---- RECORDS SHOWN
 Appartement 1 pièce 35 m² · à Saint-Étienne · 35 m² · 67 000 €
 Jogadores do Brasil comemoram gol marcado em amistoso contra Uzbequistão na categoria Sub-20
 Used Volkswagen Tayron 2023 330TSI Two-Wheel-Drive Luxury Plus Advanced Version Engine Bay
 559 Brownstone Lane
--------
---- RECORDS SHOWN
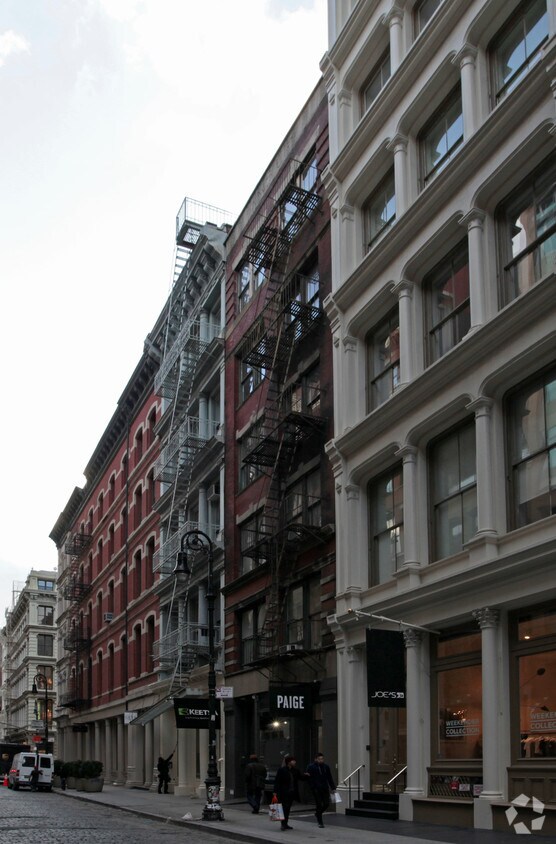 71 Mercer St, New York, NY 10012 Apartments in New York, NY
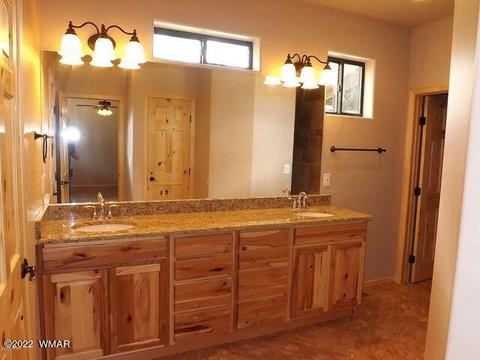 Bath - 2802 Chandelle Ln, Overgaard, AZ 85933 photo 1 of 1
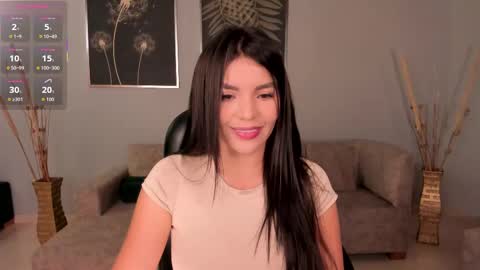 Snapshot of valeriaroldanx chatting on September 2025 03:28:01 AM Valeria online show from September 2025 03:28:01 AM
--------
---- RECORDS SHOWN
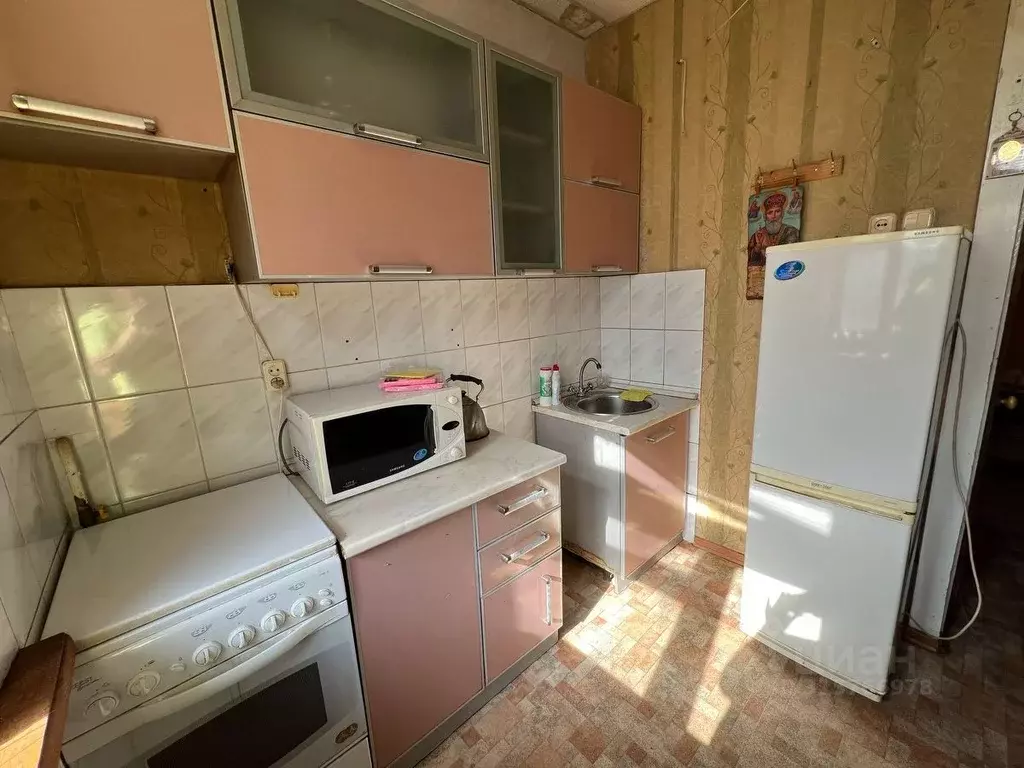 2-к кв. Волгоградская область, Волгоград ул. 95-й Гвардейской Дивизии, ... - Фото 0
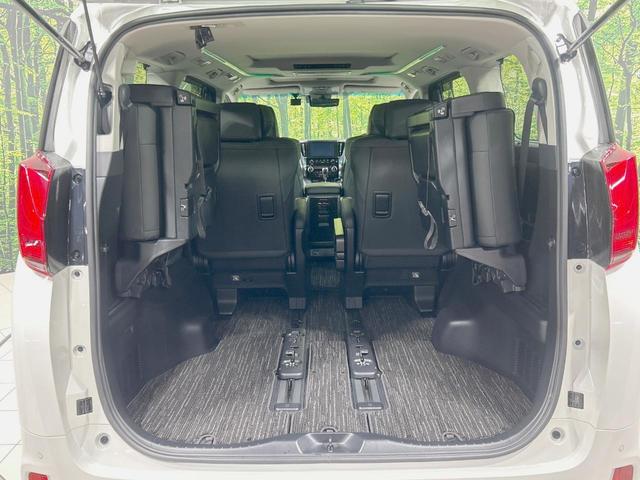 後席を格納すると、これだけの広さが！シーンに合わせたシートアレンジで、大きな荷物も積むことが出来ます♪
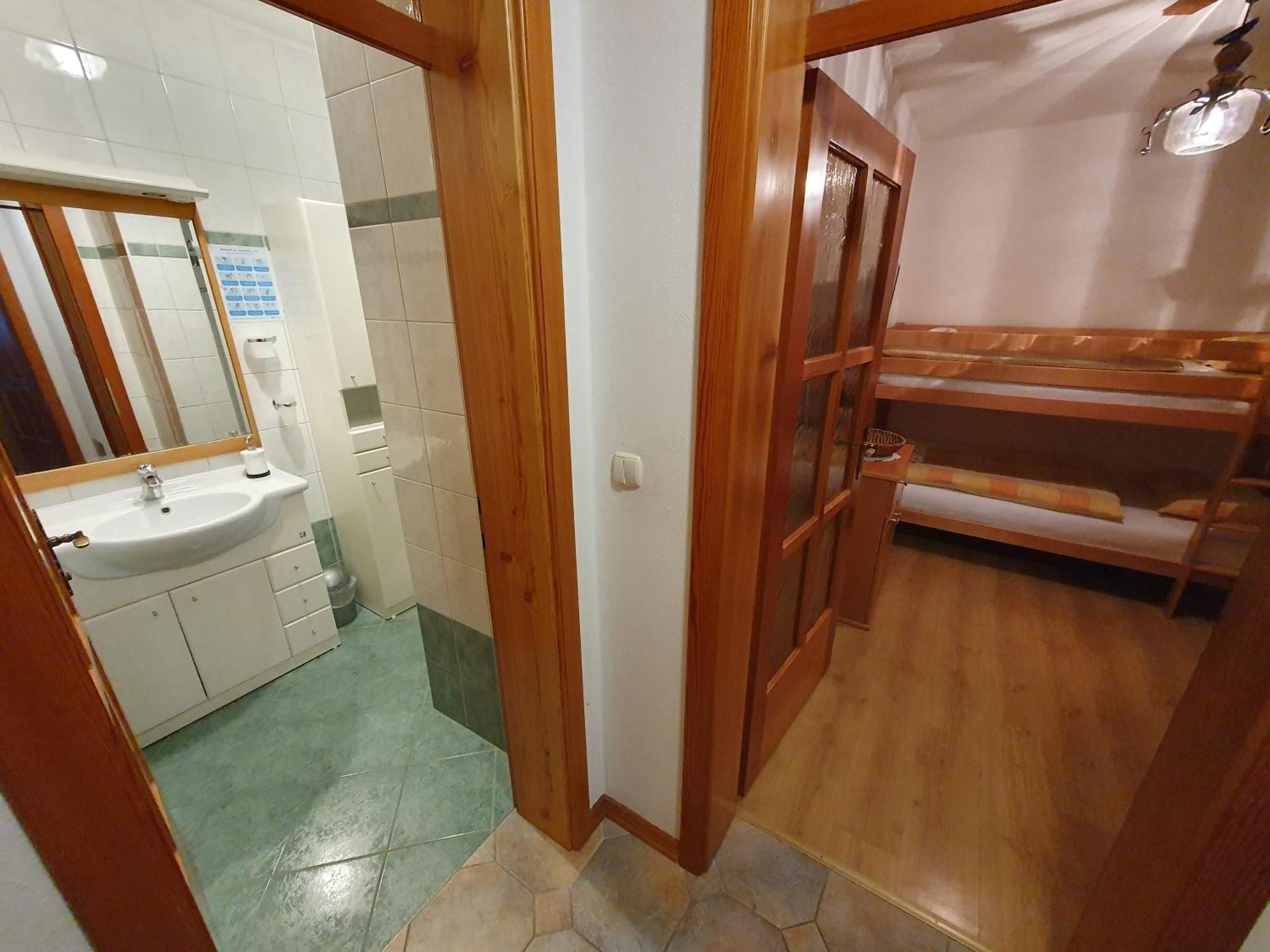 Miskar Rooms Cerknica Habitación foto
--------
**YOUR INSTRUCTIONS**
Take the listing above and repeat exactly the lines from the one containing "Jogadores do Brasil" through the one containing "559 Brownstone Lane", both included.

**ANSWER SECTION**
 Jogadores do Brasil comemoram gol marcado em amistoso contra Uzbequistão na categoria Sub-20
 Used Volkswagen Tayron 2023 330TSI Two-Wheel-Drive Luxury Plus Advanced Version Engine Bay
 559 Brownstone Lane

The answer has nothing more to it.